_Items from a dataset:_
——————

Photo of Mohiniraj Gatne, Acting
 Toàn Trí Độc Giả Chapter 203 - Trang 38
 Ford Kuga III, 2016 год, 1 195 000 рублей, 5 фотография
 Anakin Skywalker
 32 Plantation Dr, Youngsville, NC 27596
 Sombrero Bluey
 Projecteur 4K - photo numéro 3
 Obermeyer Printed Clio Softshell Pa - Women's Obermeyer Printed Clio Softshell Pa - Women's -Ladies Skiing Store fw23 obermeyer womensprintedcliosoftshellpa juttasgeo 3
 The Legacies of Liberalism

——————

_WHAT YOU ARE ASKED TO DO:_ What must be transcribed is the run of lines from the one containing "Obermeyer Printed Clio Softshell Pa - Women's Obermeyer" to the last line of the data above, inclusive, and only that.

_RESPONSE BOX:_
 Obermeyer Printed Clio Softshell Pa - Women's Obermeyer Printed Clio Softshell Pa - Women's -Ladies Skiing Store fw23 obermeyer womensprintedcliosoftshellpa juttasgeo 3
 The Legacies of Liberalism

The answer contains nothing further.